Personal information
- Born: 27 June 1987 (age 38)

International information
- National side: Guernsey;
- Source: Cricinfo, 19 July 2015

= Jamie Nussbaumer =

Guernsey cricketer

James A.J. Nussbaumer, also known as Jamie Nussbaumer, (born 27 June 1987) is a cricketer who plays for the Guernsey cricket team. He played in the 2014 ICC World Cricket League Division Five tournament. He played in the 2016 ICC World Cricket League Division Five tournament.

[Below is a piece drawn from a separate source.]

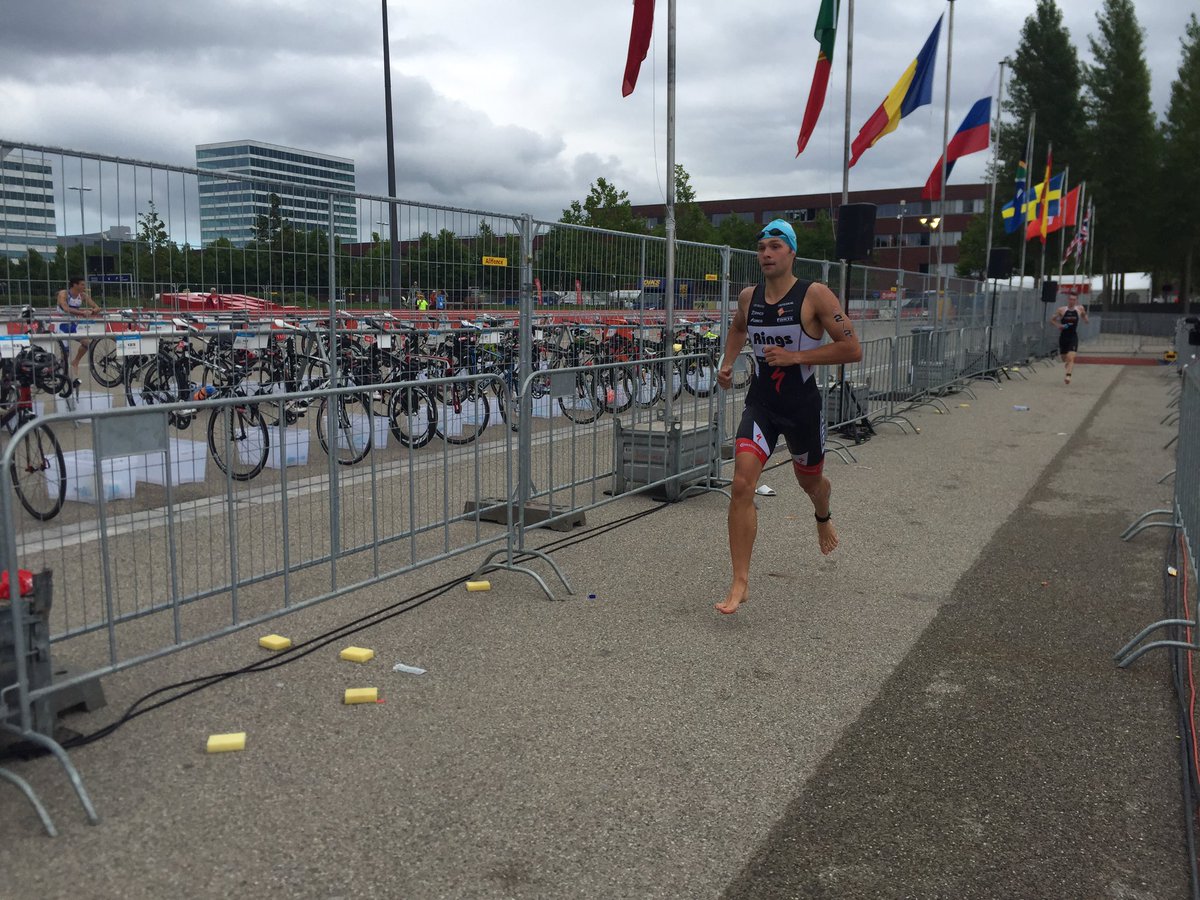 koopmanjk's tweet photo. Eerste man is ook al weer onderweg naar de fiets op de Team-Relay ‘Eredivisie'. @ChallengeAlmere  #LottoEredivisie https://t.co/Rza2cFLNh7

== Personal life and club career ==
Jamie Nussbaumer is the son of David Nussbaumer and grandson of Austrian Toni Nussbaumer, who became a hotelier and businessman in Guernsey. He attended school at Elizabeth College, Guernsey. During his time at school, he represented them in cricket, scoring a maiden century in his first match after being called up to replace a player who had gone to watch England against Australia at the Rose Bowl in Southampton. He also played club cricket for Cobo Cricket Club. In 2009, he was invited to join Sussex County Cricket Club on a pre-season training camp in South Africa. In 2010, he played for Sussex's academy in a one-day tournament. In 2012 during the 2012 Summer Olympics in London, he expressed a comment that "Dressage is just not a sport" after Sark born Carl Hester had won gold in the team dressage event.

===International career===
Nussbaumer was called up to the Guernsey under-19s team in 2006. In 2013, he was named as the captain of Guernsey and led a call for more players to participate in cricket following a decline in numbers of people playing it in Guernsey. Nussbaumer captained them for four World Cricket League tournaments. He continued as Guernsey captain until 2017 when he stepped down due to wishing to spend more time with his family and due to concerns he would be rested too much to be an effective captain.